━━━ MATERIAL PROVIDED

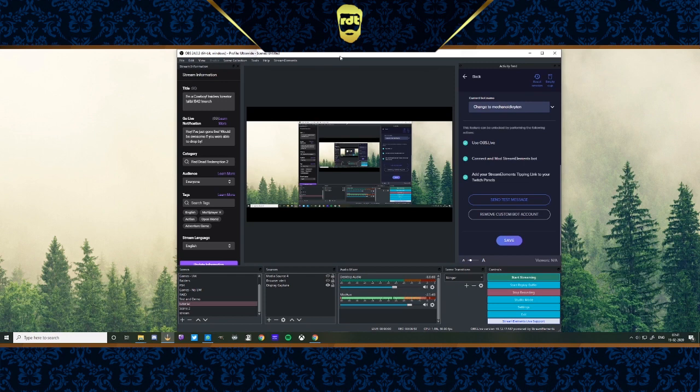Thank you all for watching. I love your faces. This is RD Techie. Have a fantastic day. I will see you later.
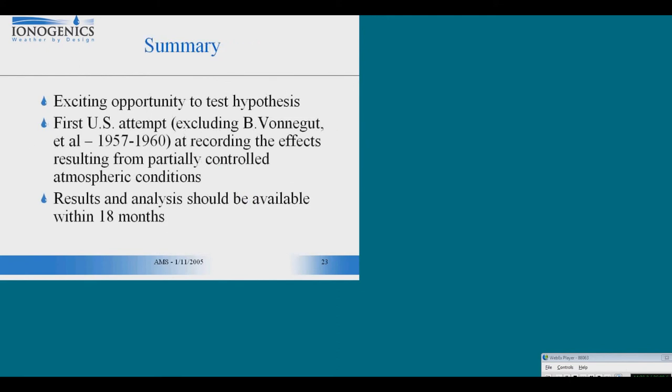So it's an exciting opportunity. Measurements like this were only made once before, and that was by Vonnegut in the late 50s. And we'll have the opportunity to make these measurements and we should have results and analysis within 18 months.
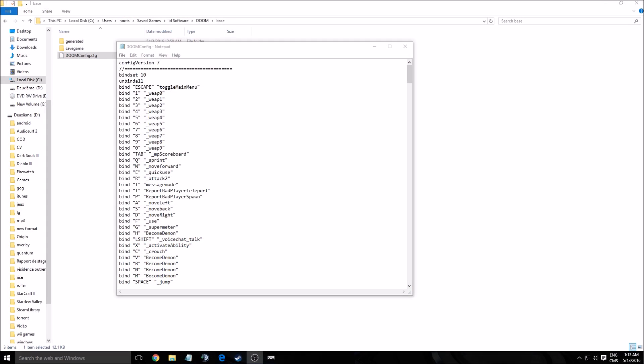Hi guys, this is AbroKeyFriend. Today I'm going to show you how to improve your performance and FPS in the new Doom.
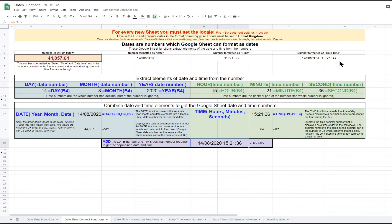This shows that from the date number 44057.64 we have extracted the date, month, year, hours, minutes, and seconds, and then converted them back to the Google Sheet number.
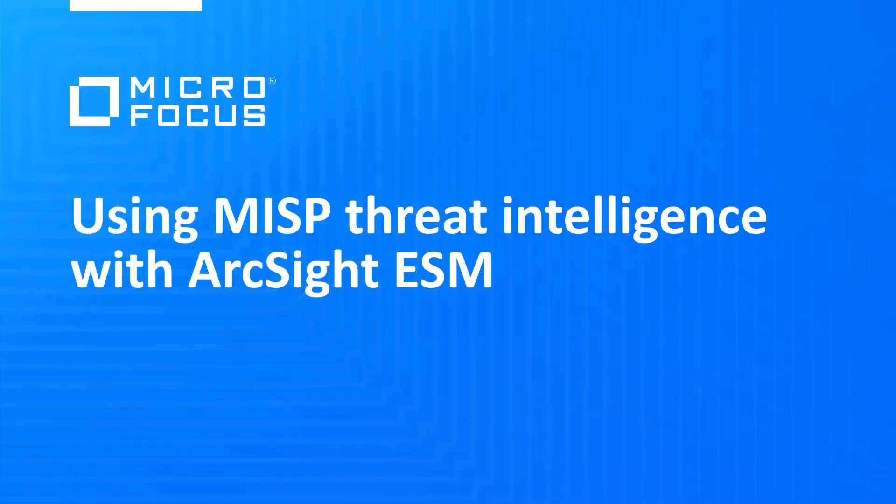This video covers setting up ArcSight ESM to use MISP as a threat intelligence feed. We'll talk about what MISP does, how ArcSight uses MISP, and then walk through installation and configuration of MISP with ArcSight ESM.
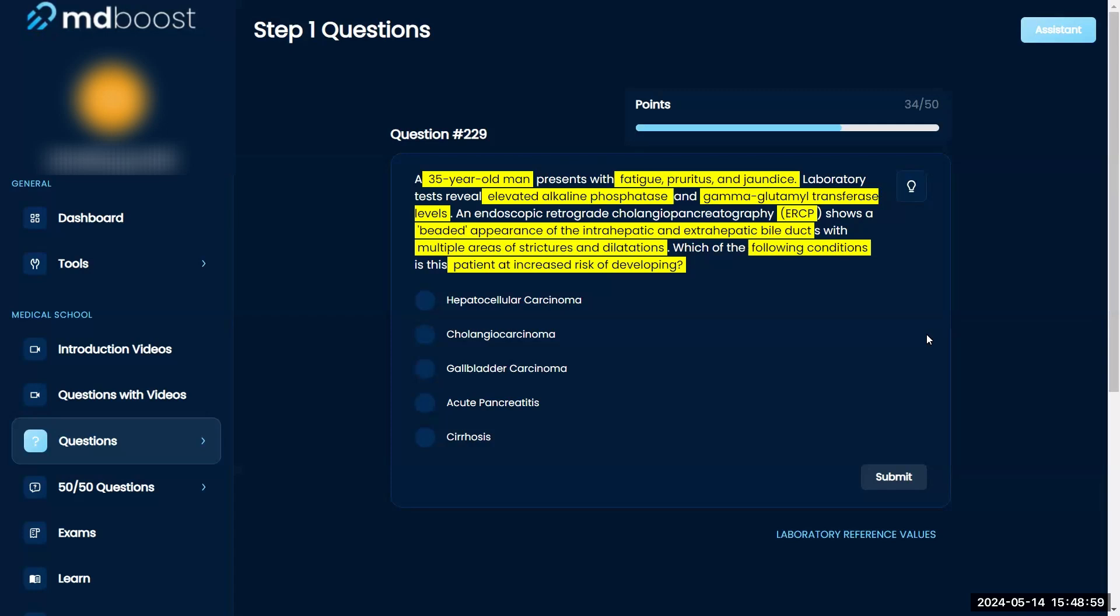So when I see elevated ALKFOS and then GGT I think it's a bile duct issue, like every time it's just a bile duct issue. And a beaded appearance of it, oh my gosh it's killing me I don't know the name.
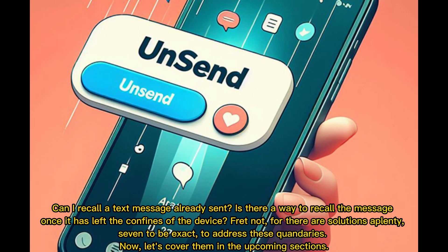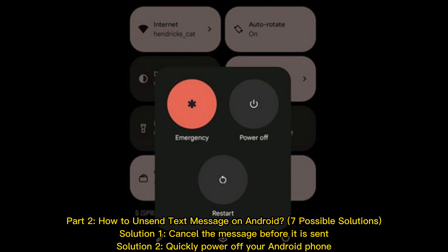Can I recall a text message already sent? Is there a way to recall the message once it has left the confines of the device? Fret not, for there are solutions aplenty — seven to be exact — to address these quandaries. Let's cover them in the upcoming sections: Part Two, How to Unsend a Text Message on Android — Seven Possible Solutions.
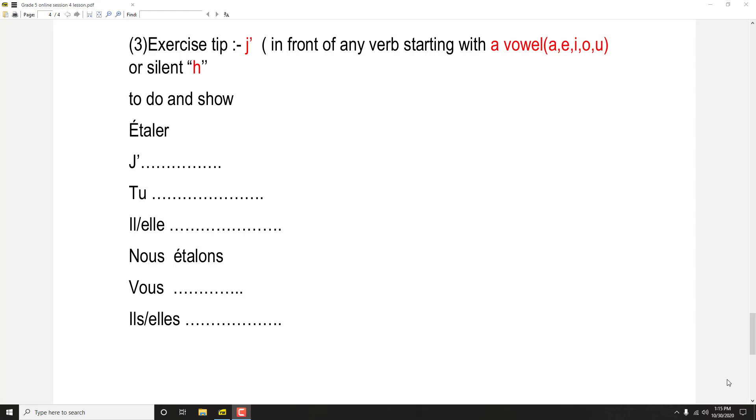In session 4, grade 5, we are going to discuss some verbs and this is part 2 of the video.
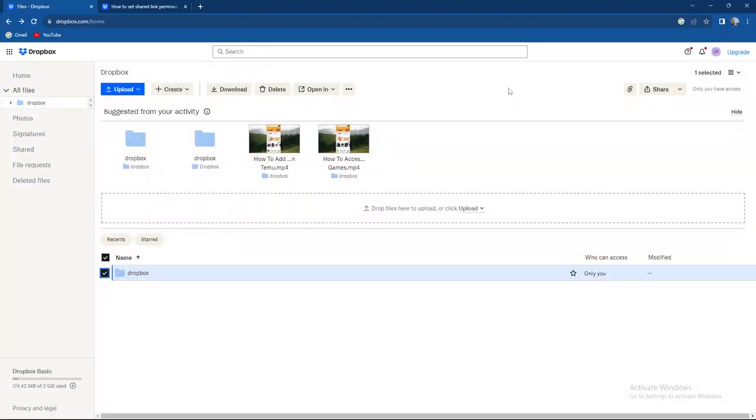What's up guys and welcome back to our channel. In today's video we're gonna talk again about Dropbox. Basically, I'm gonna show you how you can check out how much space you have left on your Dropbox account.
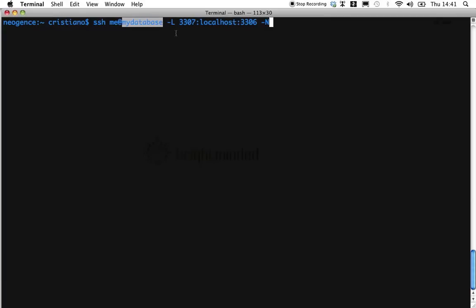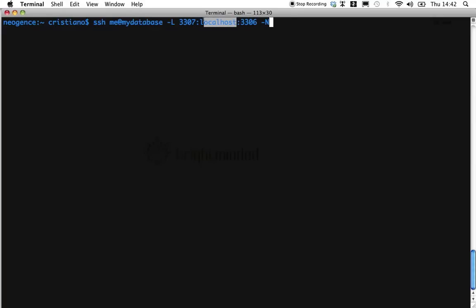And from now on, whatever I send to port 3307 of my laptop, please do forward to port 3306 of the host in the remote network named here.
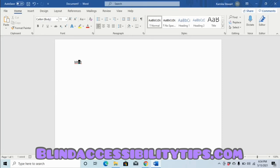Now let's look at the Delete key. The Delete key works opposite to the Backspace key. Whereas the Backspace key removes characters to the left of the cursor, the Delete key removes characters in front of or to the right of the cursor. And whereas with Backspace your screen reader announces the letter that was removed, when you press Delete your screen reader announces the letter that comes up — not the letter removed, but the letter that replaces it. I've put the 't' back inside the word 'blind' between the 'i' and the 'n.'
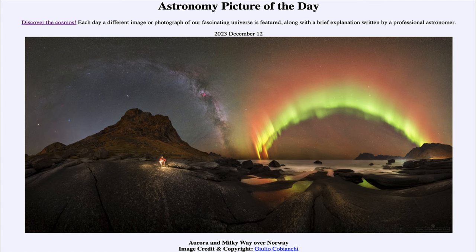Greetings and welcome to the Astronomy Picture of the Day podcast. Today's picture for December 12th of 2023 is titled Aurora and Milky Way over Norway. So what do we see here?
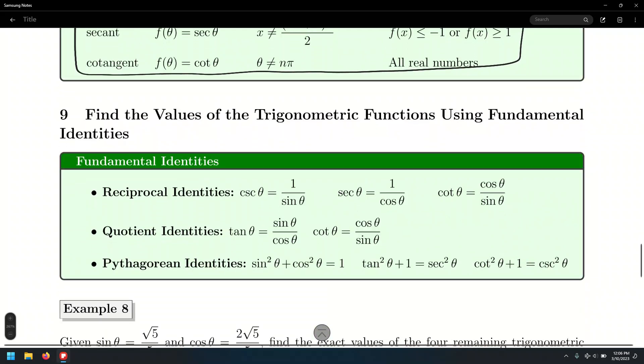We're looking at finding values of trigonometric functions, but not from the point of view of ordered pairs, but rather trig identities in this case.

━━━━━━
━━━ MATERIAL PROVIDED

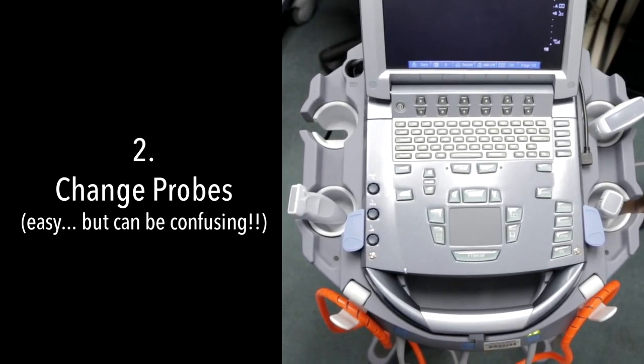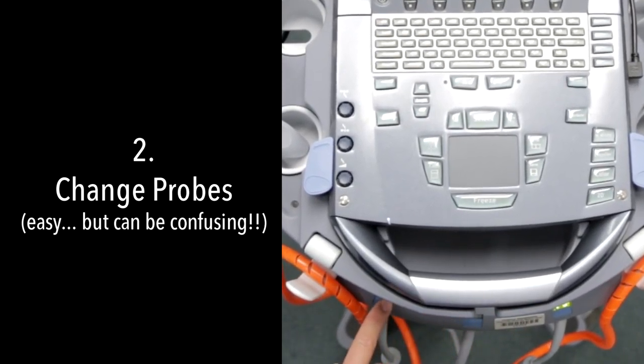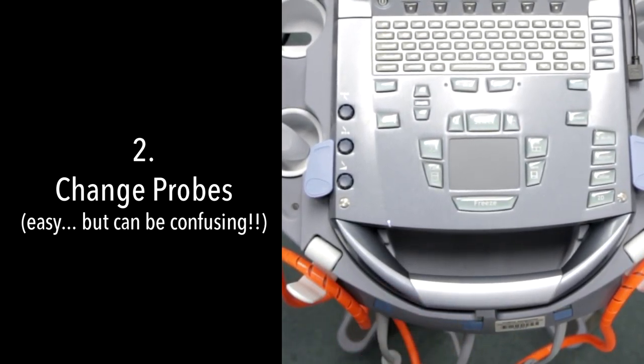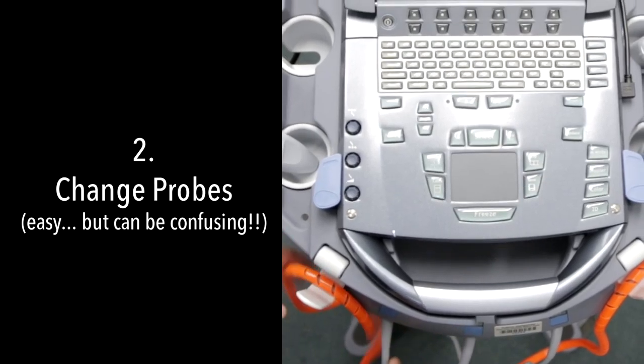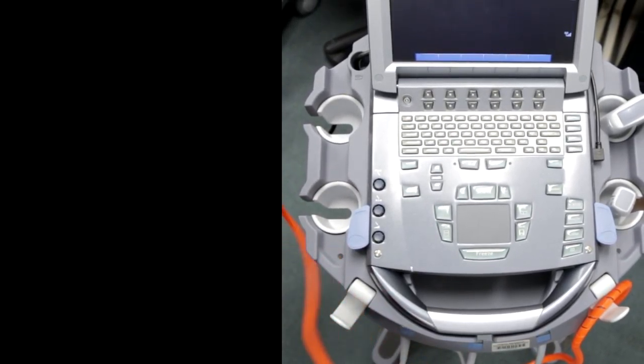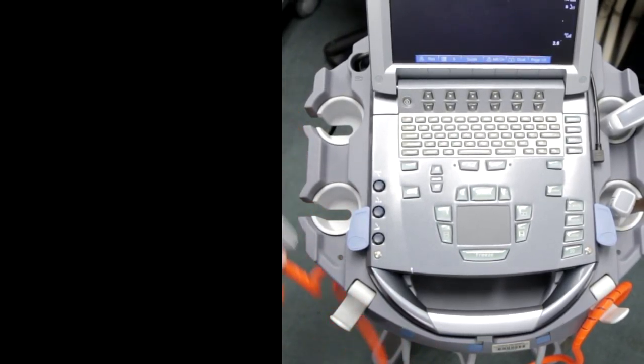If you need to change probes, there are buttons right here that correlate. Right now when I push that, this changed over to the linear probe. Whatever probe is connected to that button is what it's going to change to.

━━━━━━

WORK ORDER - Give back, exactly and without pictures, the stretch of the records above from the line containing "In session 4, grade" through the line containing "We're looking at", with both end lines included.

ANSWER TO THE PROBLEM -
In session 4, grade 5, we are going to discuss some verbs and this is part 2 of the video.
What's up guys and welcome back to our channel. In today's video we're gonna talk again about Dropbox. Basically, I'm gonna show you how you can check out how much space you have left on your Dropbox account.
And from now on, whatever I send to port 3307 of my laptop, please do forward to port 3306 of the host in the remote network named here.
Now let's look at the Delete key. The Delete key works opposite to the Backspace key. Whereas the Backspace key removes characters to the left of the cursor, the Delete key removes characters in front of or to the right of the cursor. And whereas with Backspace your screen reader announces the letter that was removed, when you press Delete your screen reader announces the letter that comes up — not the letter removed, but the letter that replaces it. I've put the 't' back inside the word 'blind' between the 'i' and the 'n.'
Greetings and welcome to the Astronomy Picture of the Day podcast. Today's picture for December 12th of 2023 is titled Aurora and Milky Way over Norway. So what do we see here?
We're looking at finding values of trigonometric functions, but not from the point of view of ordered pairs, but rather trig identities in this case.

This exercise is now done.